RasaHQ / rasa

💬 Open source machine learning framework to automate text- and voice-based conversations: NLU, dialogue management, connect to Slack, Facebook, and more - Create chatbots and voice assistants
https://rasa.com/docs/rasa/
Apache License 2.0
18.94k stars 4.64k forks source link

Does `suffix..` or any other features depend on capitalization in `ner_crf`? #1351

Closed Ghostvv closed 5 years ago

Ghostvv commented 6 years ago

The following config for ner_crf:

- name: ner_crf
  features:
  - - low
    - digit
  - - bias
    - suffix3
    - suffix2
    - low
    - digit
    - pattern
  - - low
    - digit

picks different entities in B-OY 2018 and b-oy 2018

amn41 commented 6 years ago

@Ghostvv can you please provide steps to reproduce & the exact output?
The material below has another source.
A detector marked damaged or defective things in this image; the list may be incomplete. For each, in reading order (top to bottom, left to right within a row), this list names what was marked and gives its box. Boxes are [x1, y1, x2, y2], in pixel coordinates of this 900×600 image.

Ghostvv commented 6 years ago

For demo-rasa.md dataset, with above config for ner_crf, I get:

{'intent': {'name': 'restaurant_search', 'confidence': 0.9175125956535339}, 'entities': [{'start': 8, 'end': 15, 'value': 'CHINESE', 'entity': 'cuisine', 'confidence': 0.6072946511019204, 'extractor': 'ner_crf'}], 'intent_ranking': [{'name': 'restaurant_search', 'confidence': 0.9175125956535339}, {'name': 'goodbye', 'confidence': 0.06257633119821548}, {'name': 'address', 'confidence': 0.0}, {'name': 'greet', 'confidence': 0.0}, {'name': 'affirm', 'confidence': 0.0}], 'text': 'show me CHINESE restaurants'}

{'intent': {'name': 'restaurant_search', 'confidence': 0.9175125956535339}, 'entities': [{'start': 8, 'end': 15, 'value': 'chinese', 'entity': 'cuisine', 'confidence': 0.8070571545315702, 'extractor': 'ner_crf'}], 'intent_ranking': [{'name': 'restaurant_search', 'confidence': 0.9175125956535339}, {'name': 'goodbye', 'confidence': 0.06257633119821548}, {'name': 'address', 'confidence': 0.0}, {'name': 'greet', 'confidence': 0.0}, {'name': 'affirm', 'confidence': 0.0}], 'text': 'show me chinese restaurants'}
stale[bot] commented 5 years ago

This issue has been automatically marked as stale because it has not had recent activity. It will be closed if no further activity occurs. Thank you for your contributions.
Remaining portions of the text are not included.